(INPUT DATA)
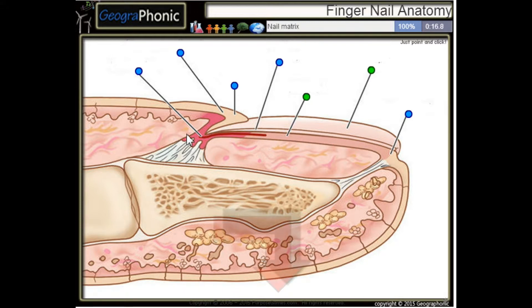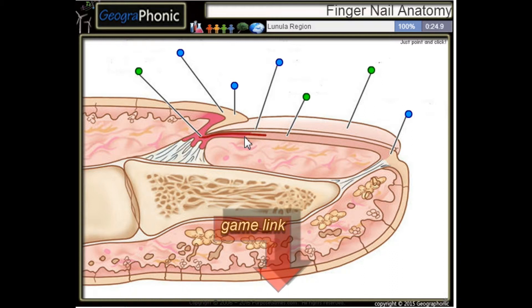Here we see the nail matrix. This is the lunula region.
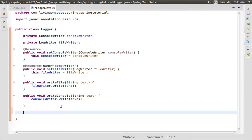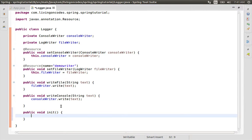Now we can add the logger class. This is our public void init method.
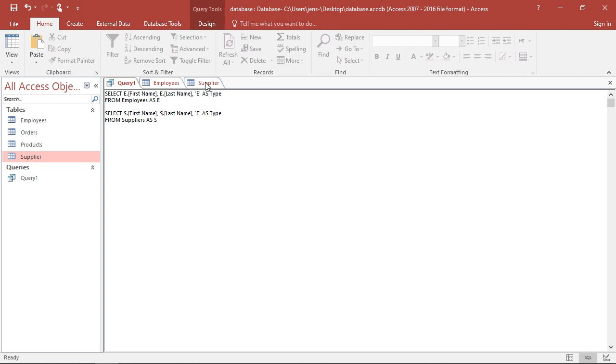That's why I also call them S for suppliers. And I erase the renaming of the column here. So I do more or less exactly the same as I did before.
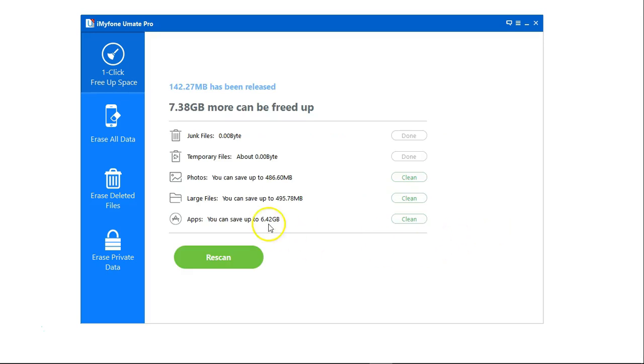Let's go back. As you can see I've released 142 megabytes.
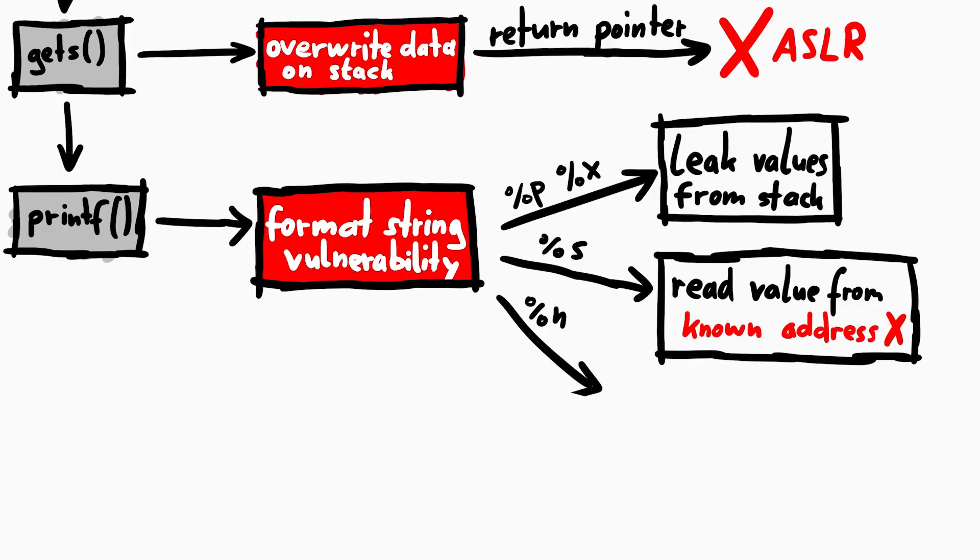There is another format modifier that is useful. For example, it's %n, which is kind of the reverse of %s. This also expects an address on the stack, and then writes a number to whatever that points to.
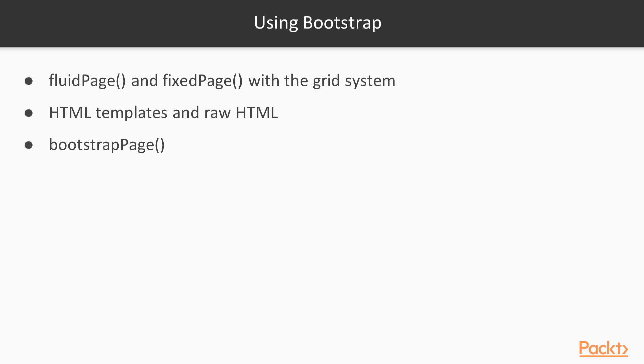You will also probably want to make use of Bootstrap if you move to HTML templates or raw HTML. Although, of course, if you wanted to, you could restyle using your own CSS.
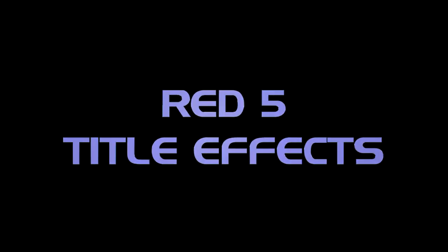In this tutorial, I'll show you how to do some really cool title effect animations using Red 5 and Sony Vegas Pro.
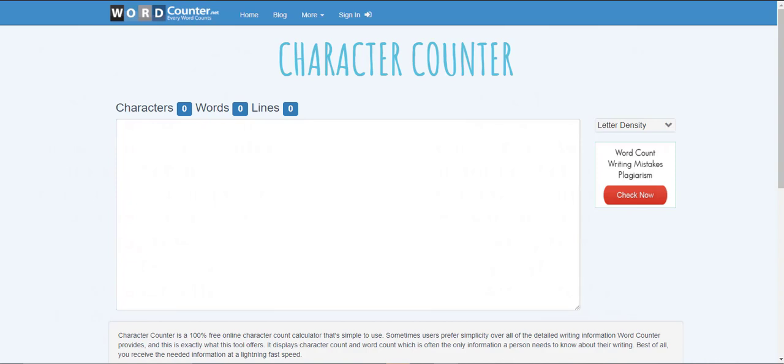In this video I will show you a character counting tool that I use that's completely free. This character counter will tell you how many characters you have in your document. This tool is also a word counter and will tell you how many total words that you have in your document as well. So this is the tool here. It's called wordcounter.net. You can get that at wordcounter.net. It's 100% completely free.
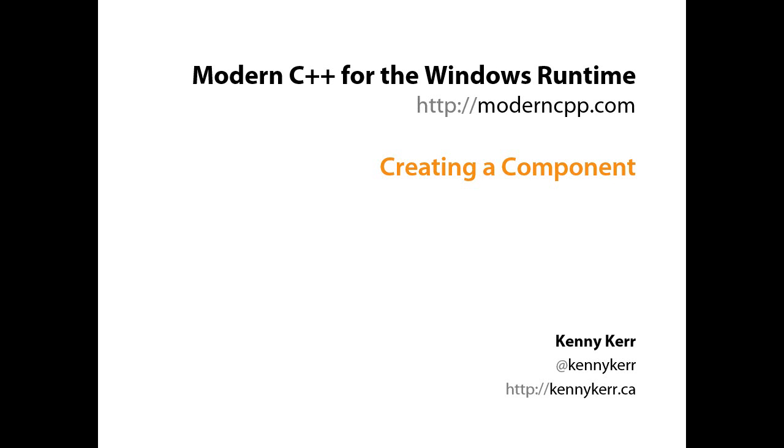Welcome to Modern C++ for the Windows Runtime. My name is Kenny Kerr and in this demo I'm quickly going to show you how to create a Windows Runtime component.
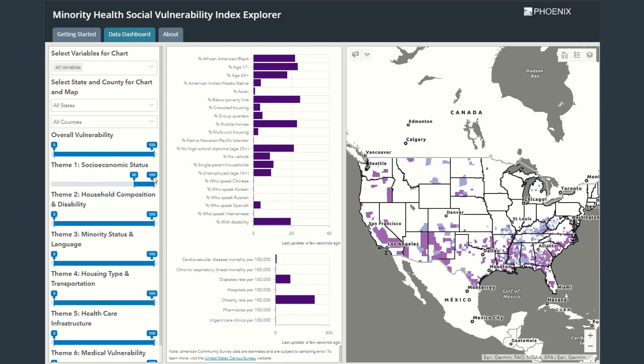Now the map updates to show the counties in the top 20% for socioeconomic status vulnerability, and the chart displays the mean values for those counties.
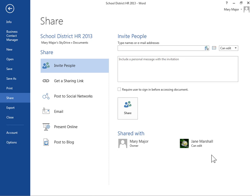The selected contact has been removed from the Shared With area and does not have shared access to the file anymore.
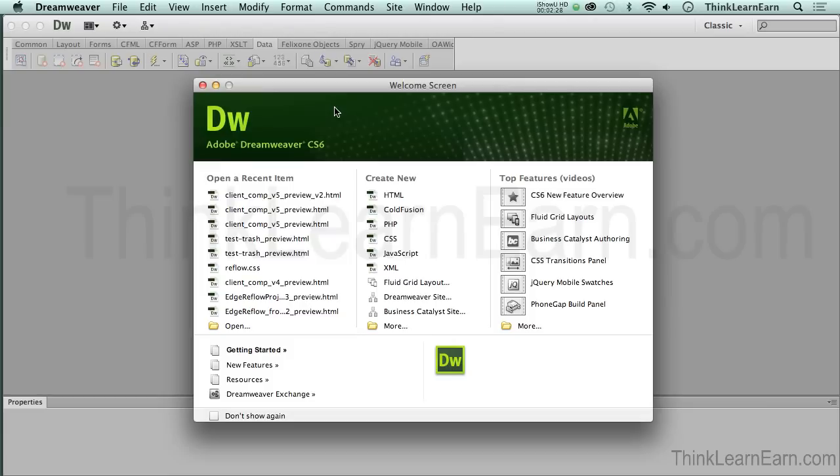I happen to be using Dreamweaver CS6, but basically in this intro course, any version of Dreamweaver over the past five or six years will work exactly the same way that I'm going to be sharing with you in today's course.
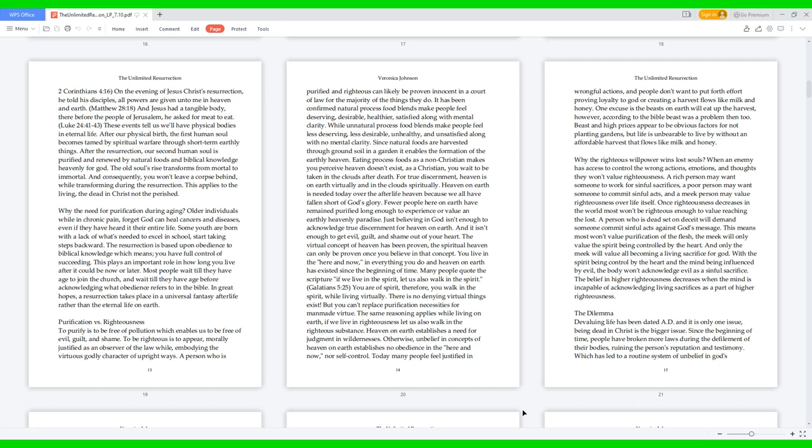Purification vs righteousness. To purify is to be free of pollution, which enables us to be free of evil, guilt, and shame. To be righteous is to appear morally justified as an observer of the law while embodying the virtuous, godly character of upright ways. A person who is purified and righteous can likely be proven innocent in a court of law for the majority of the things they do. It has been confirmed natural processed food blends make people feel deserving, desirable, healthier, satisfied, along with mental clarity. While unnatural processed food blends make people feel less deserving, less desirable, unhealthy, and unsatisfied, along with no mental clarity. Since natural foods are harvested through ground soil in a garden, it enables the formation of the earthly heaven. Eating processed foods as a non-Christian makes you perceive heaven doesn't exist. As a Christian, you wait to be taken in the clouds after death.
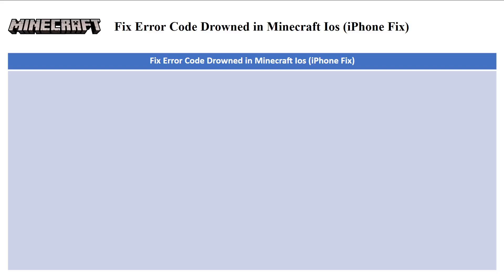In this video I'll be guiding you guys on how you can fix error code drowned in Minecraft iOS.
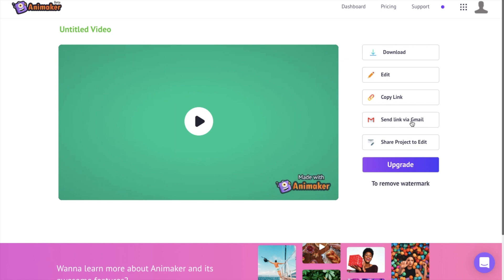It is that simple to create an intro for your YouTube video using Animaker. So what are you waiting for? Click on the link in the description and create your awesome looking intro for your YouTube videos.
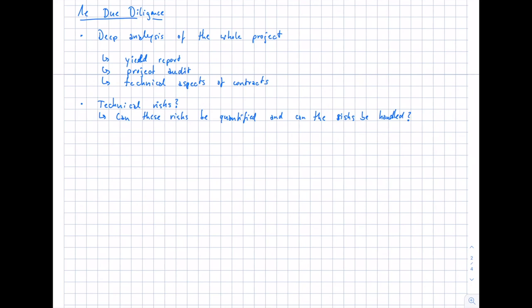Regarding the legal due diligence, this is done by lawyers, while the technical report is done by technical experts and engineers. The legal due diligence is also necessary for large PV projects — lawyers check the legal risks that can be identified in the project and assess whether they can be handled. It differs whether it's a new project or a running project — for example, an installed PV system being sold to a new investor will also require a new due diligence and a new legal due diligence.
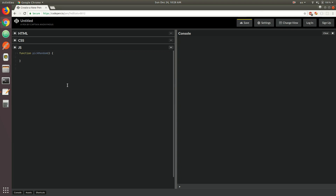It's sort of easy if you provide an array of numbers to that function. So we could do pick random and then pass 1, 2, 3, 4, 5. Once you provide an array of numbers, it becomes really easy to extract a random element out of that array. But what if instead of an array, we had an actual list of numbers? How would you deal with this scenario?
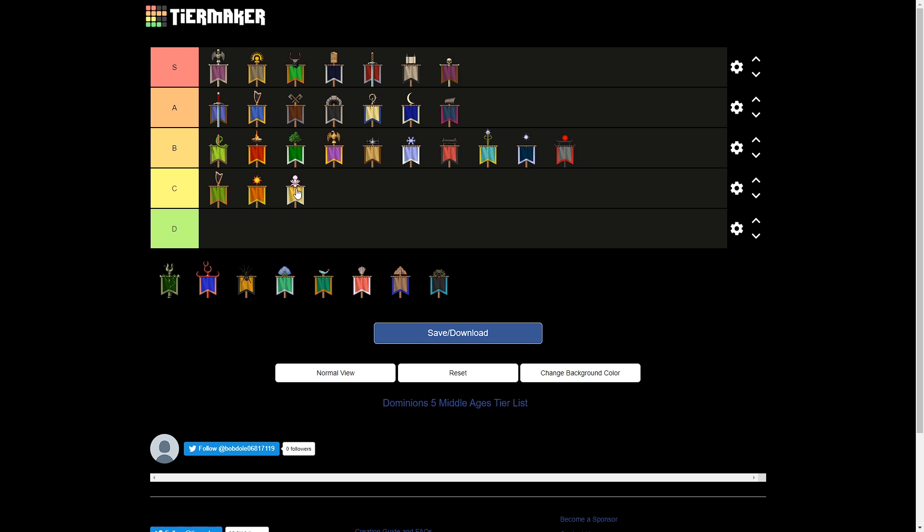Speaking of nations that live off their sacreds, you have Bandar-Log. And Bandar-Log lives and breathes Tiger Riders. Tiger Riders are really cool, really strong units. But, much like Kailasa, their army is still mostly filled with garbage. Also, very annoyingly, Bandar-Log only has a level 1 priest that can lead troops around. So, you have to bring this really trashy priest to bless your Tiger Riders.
(End INPUT DATA)
• **ASSIGNMENT**
Exact copies of the lines from the one containing "It is that simple" through the end of the records above are required, with no pictures among them.

• **OUTPUT FOR THIS EXERCISE**
It is that simple to create an intro for your YouTube video using Animaker. So what are you waiting for? Click on the link in the description and create your awesome looking intro for your YouTube videos.
Regarding the legal due diligence, this is done by lawyers, while the technical report is done by technical experts and engineers. The legal due diligence is also necessary for large PV projects — lawyers check the legal risks that can be identified in the project and assess whether they can be handled. It differs whether it's a new project or a running project — for example, an installed PV system being sold to a new investor will also require a new due diligence and a new legal due diligence.
It's sort of easy if you provide an array of numbers to that function. So we could do pick random and then pass 1, 2, 3, 4, 5. Once you provide an array of numbers, it becomes really easy to extract a random element out of that array. But what if instead of an array, we had an actual list of numbers? How would you deal with this scenario?
Speaking of nations that live off their sacreds, you have Bandar-Log. And Bandar-Log lives and breathes Tiger Riders. Tiger Riders are really cool, really strong units. But, much like Kailasa, their army is still mostly filled with garbage. Also, very annoyingly, Bandar-Log only has a level 1 priest that can lead troops around. So, you have to bring this really trashy priest to bless your Tiger Riders.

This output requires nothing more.